Today, some within the Black community have partnered with the abortion lobby to fight for the taxpayer funding of abortion. They refer to abortion as “health care” or “reproductive justice,” even going so far as to label the prohibition of taxpayer-funded abortion a “tool of oppression.”

But civil rights leaders like Rev. Jesse Jackson disagreed. In 1975, he endorsed a Constitutional amendment banning abortion, and in 1977, Jackson endorsed the Hyde Amendment, a pro-life rider which prohibited federal taxpayer dollars from paying for most abortions. Rev.
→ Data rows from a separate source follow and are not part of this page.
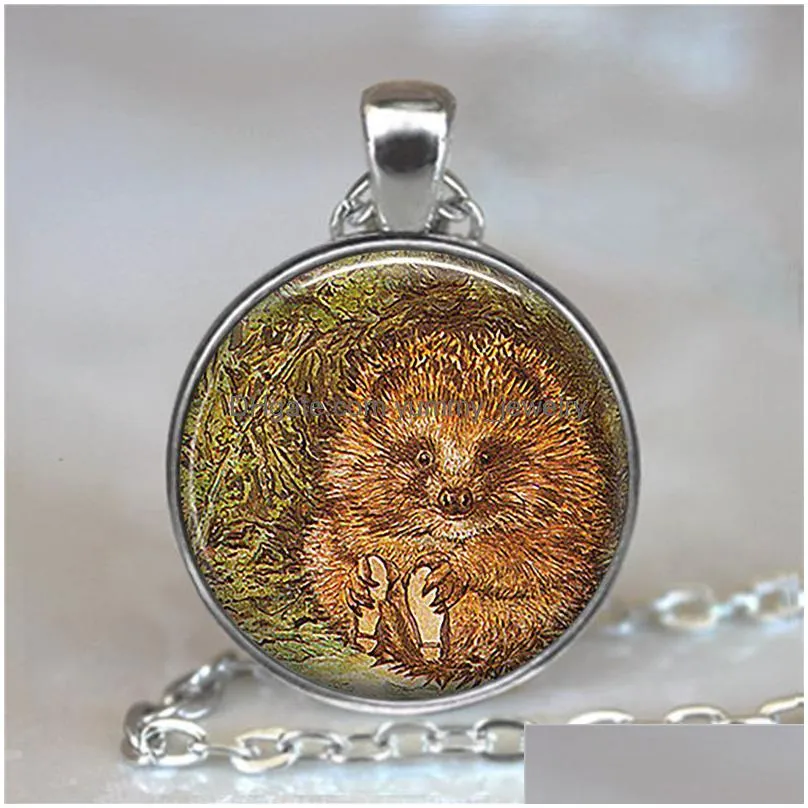 cartoon picture of drink girl and fox pendant choker statement necklace for women dress accessories glass photo pendant jewelry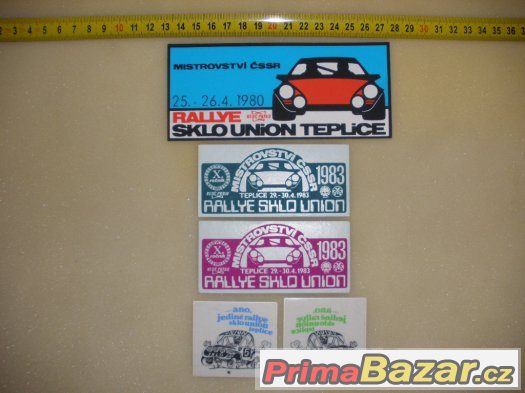 RALLYE SKLO UNION 1980, 1983 - set 5ks samolepek. – fotografie 3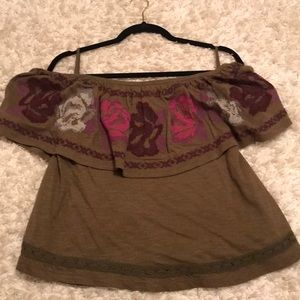 Off the shoulder green free people top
Jackson stated at that time (before he completely changed his stance and became pro-abortion), “As a matter of conscience, I must oppose the use of federal funds for a policy of killing infants.”

Black social activist Erma Clardy Craven, who described herself as “a liberal Democrat,” refused to buy into the propaganda of the abortion industry. She previously called out largely “upper middle-class white people” whom she claimed “have a fetish about controlling the reproductive capacities of others, especially those who are poor and Black.” In 1992, Craven denounced taxpayer-funded abortion, writing, “The pressure on welfare women today is to have abortions. The pressure is primarily from people who are making money promoting it, primarily Planned Parenthood.”

Craven was right then, and the same sentiment stands today, as Planned Parenthood receives more than half a billion taxpayer dollars every year and kills hundreds of thousands of preborn children — many of them belonging to poor and minority communities.